▸ HOW TO COMPLETE THIS TASK: Print each entry as it appears. Images stay out of the copy.

Short web captions
--
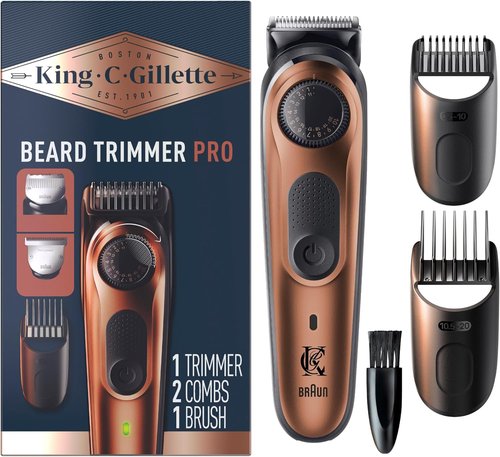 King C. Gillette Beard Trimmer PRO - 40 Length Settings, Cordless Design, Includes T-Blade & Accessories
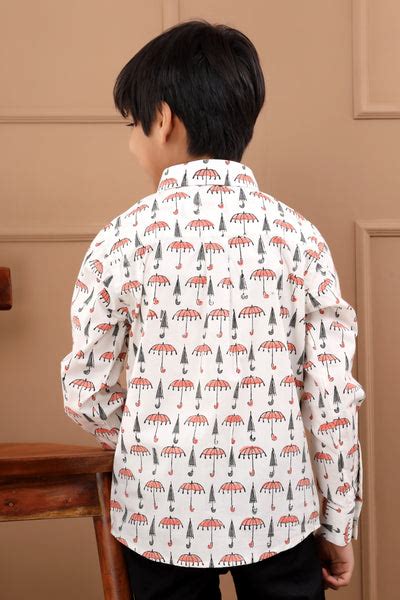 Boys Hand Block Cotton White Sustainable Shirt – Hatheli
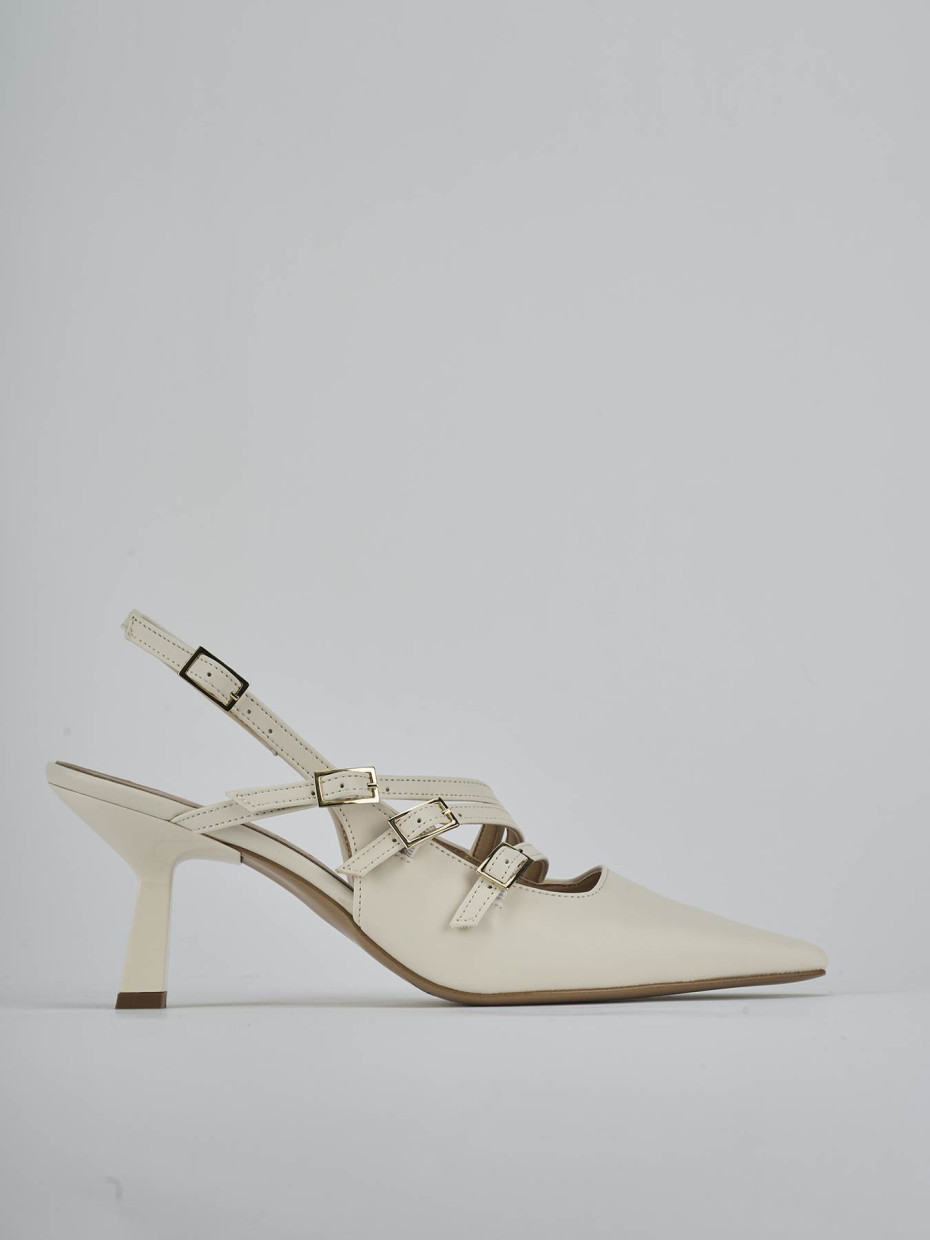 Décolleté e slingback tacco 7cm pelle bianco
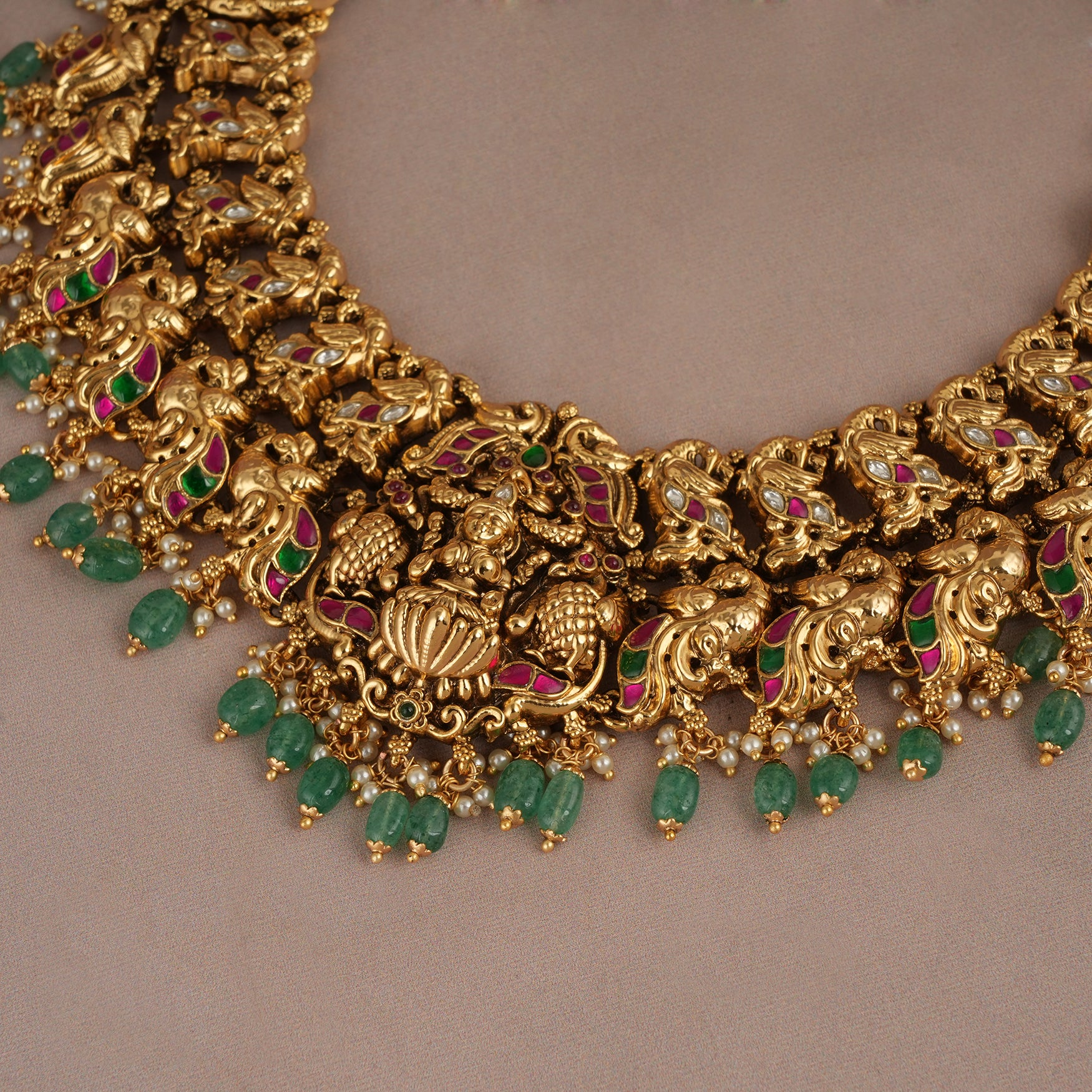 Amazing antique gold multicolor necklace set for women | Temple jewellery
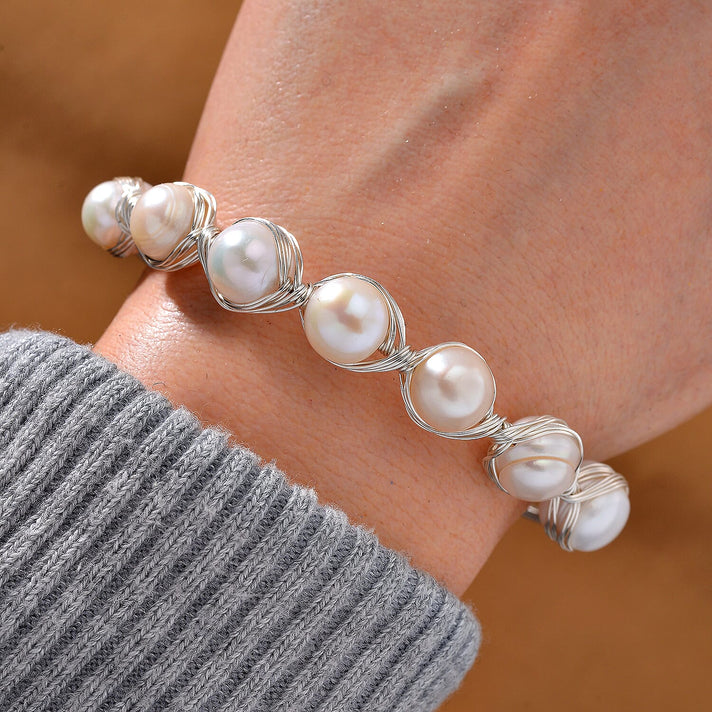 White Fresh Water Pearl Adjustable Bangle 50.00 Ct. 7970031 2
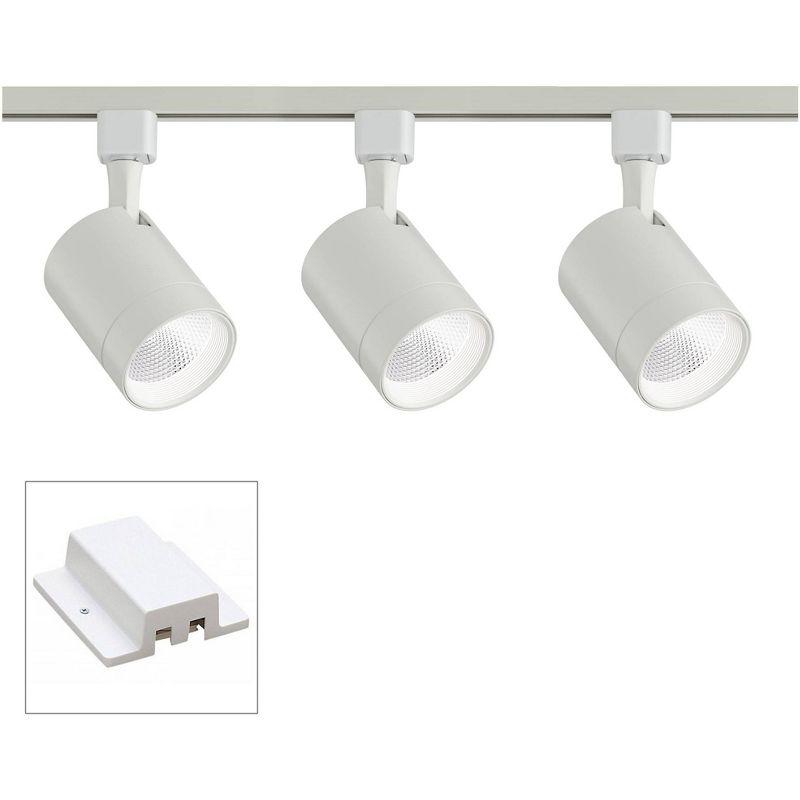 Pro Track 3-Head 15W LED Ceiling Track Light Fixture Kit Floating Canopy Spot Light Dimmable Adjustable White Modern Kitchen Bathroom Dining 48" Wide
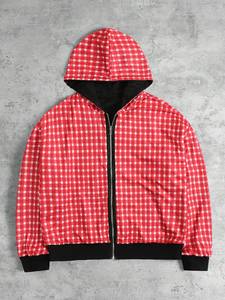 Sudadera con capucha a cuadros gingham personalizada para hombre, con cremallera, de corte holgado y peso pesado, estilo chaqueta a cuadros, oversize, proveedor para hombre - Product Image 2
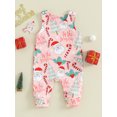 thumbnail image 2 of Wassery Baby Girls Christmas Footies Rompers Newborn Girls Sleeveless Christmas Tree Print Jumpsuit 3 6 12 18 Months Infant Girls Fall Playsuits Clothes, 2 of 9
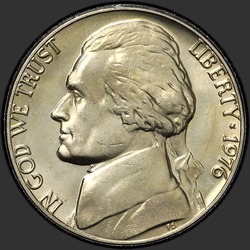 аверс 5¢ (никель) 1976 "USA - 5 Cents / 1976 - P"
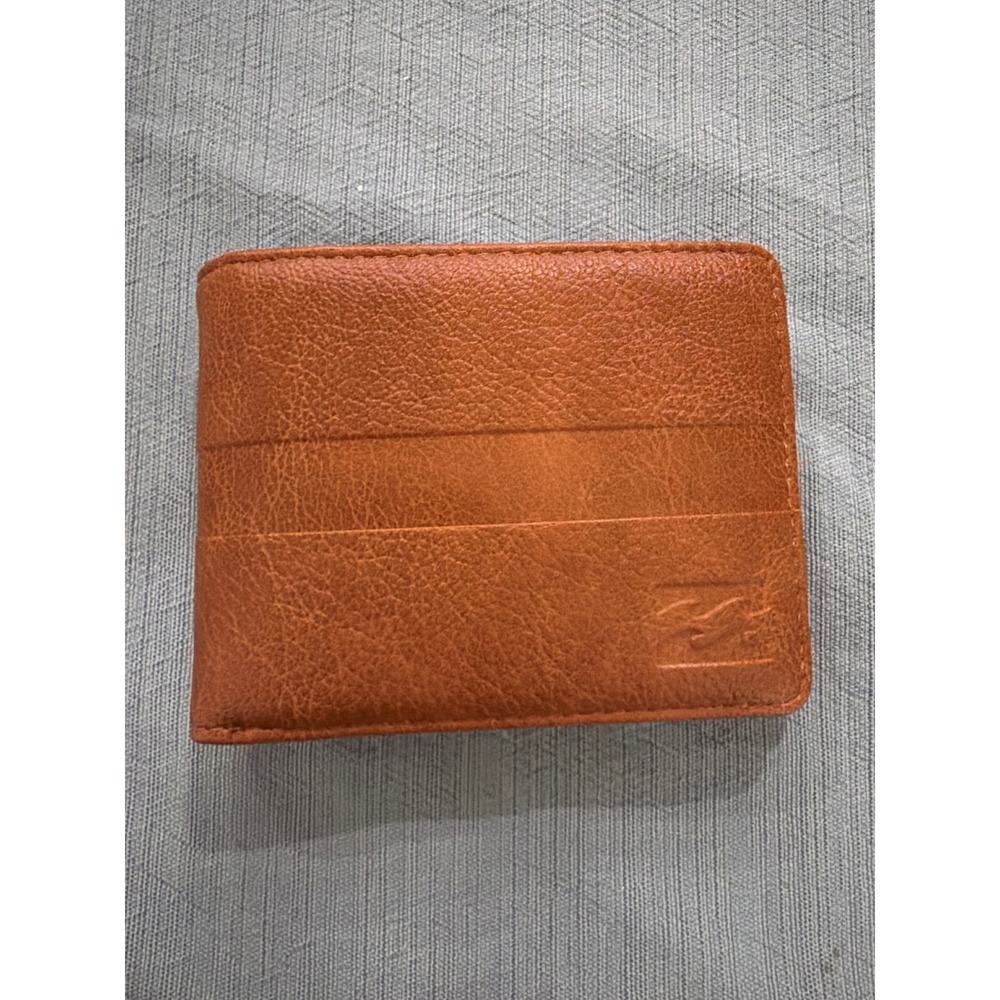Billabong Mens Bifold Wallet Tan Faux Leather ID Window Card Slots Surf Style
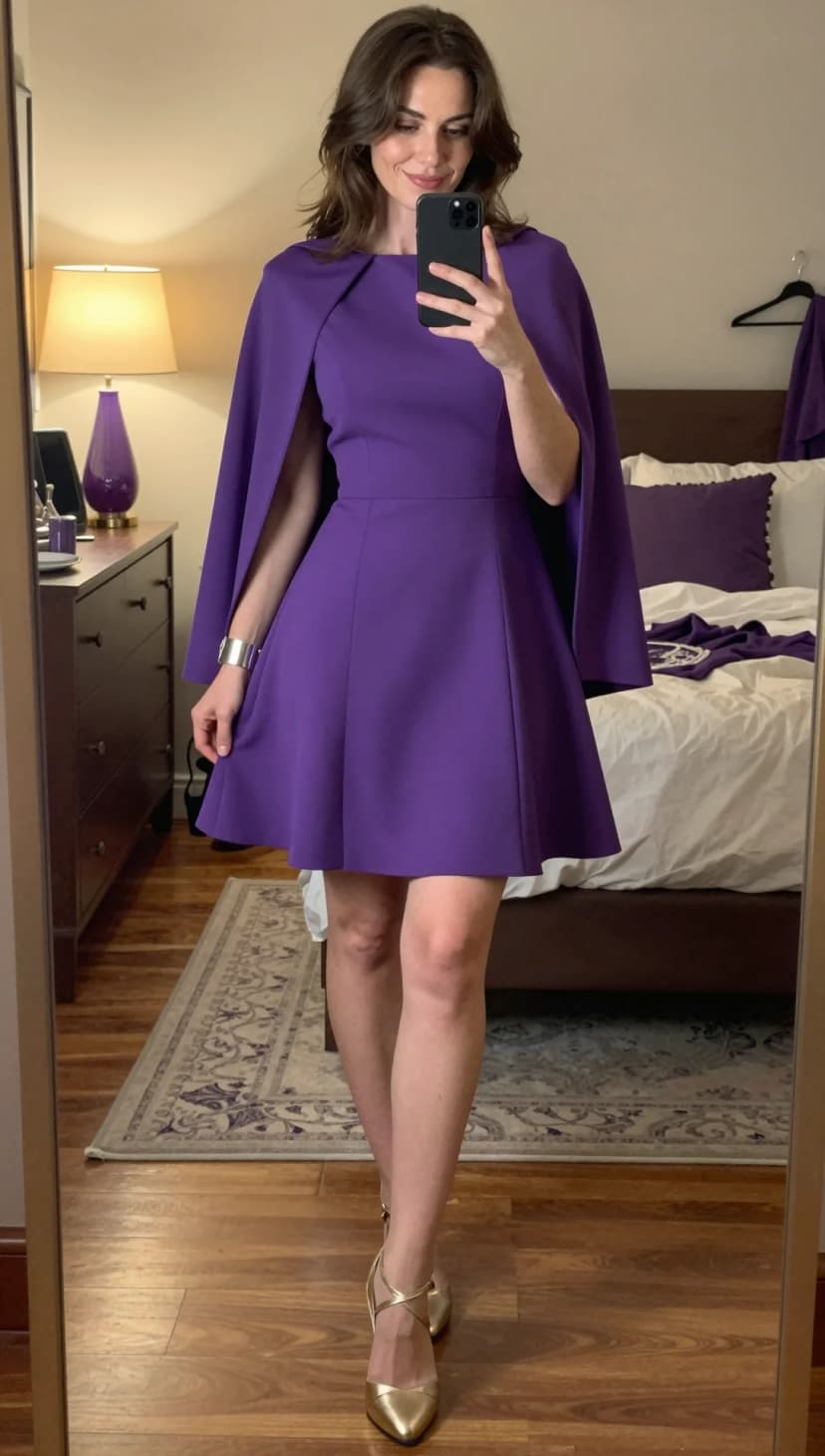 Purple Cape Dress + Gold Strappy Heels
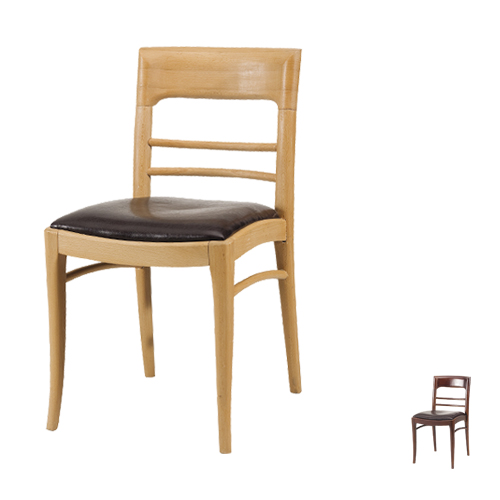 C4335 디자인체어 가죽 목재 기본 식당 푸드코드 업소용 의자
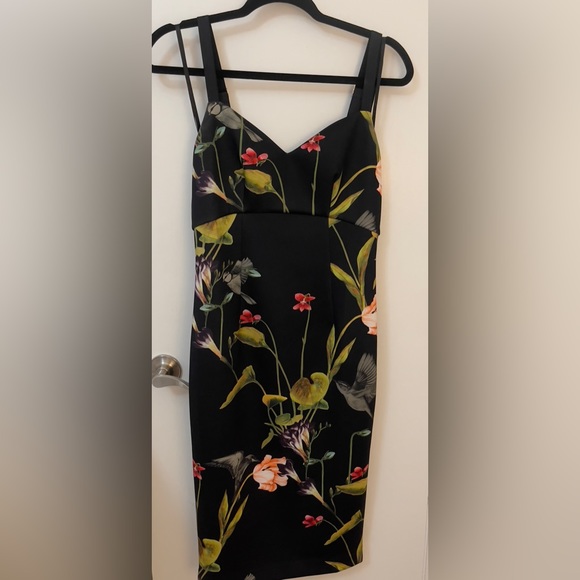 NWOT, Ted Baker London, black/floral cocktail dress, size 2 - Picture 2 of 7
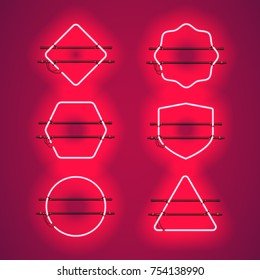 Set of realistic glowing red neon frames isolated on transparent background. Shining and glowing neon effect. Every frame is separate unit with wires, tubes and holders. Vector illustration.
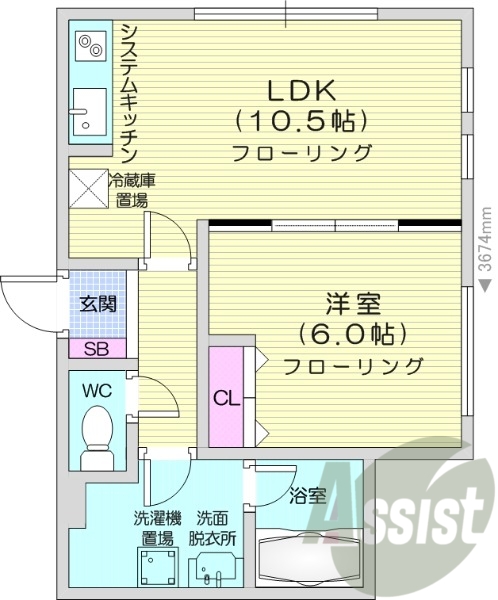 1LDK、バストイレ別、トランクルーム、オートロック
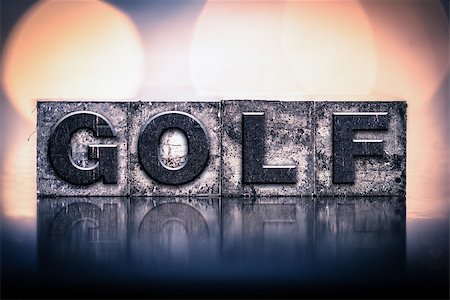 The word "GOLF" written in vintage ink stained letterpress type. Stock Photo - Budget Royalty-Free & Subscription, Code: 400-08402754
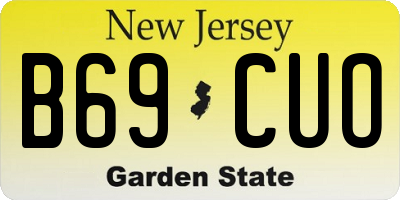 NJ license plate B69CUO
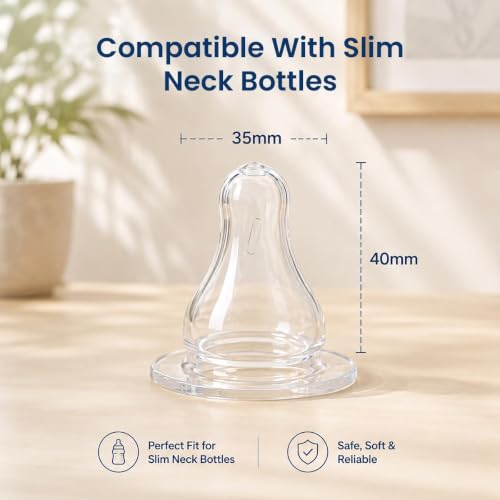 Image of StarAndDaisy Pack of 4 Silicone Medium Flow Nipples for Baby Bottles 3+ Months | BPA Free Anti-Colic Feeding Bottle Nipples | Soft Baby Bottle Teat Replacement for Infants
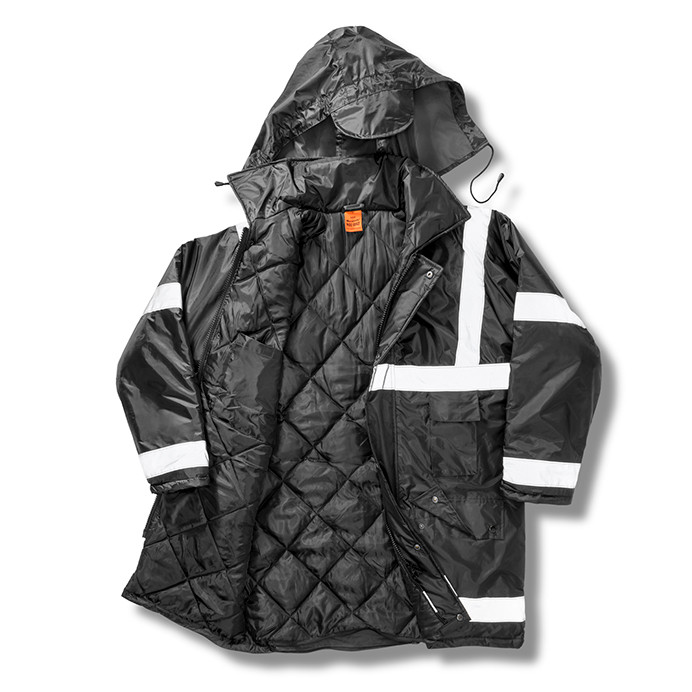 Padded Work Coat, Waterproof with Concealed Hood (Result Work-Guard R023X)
--
▸ TASK RESPONSE:
 King C. Gillette Beard Trimmer PRO - 40 Length Settings, Cordless Design, Includes T-Blade & Accessories
 Boys Hand Block Cotton White Sustainable Shirt – Hatheli
 Décolleté e slingback tacco 7cm pelle bianco
 Amazing antique gold multicolor necklace set for women | Temple jewellery
 White Fresh Water Pearl Adjustable Bangle 50.00 Ct. 7970031 2
 Pro Track 3-Head 15W LED Ceiling Track Light Fixture Kit Floating Canopy Spot Light Dimmable Adjustable White Modern Kitchen Bathroom Dining 48" Wide
 Sudadera con capucha a cuadros gingham personalizada para hombre, con cremallera, de corte holgado y peso pesado, estilo chaqueta a cuadros, oversize, proveedor para hombre - Product Image 2
 thumbnail image 2 of Wassery Baby Girls Christmas Footies Rompers Newborn Girls Sleeveless Christmas Tree Print Jumpsuit 3 6 12 18 Months Infant Girls Fall Playsuits Clothes, 2 of 9
 аверс 5¢ (никель) 1976 "USA - 5 Cents / 1976 - P"
Billabong Mens Bifold Wallet Tan Faux Leather ID Window Card Slots Surf Style
 Purple Cape Dress + Gold Strappy Heels
 C4335 디자인체어 가죽 목재 기본 식당 푸드코드 업소용 의자
 NWOT, Ted Baker London, black/floral cocktail dress, size 2 - Picture 2 of 7
 Set of realistic glowing red neon frames isolated on transparent background. Shining and glowing neon effect. Every frame is separate unit with wires, tubes and holders. Vector illustration.
 1LDK、バストイレ別、トランクルーム、オートロック
 The word "GOLF" written in vintage ink stained letterpress type. Stock Photo - Budget Royalty-Free & Subscription, Code: 400-08402754
 NJ license plate B69CUO
 Image of StarAndDaisy Pack of 4 Silicone Medium Flow Nipples for Baby Bottles 3+ Months | BPA Free Anti-Colic Feeding Bottle Nipples | Soft Baby Bottle Teat Replacement for Infants
 Padded Work Coat, Waterproof with Concealed Hood (Result Work-Guard R023X)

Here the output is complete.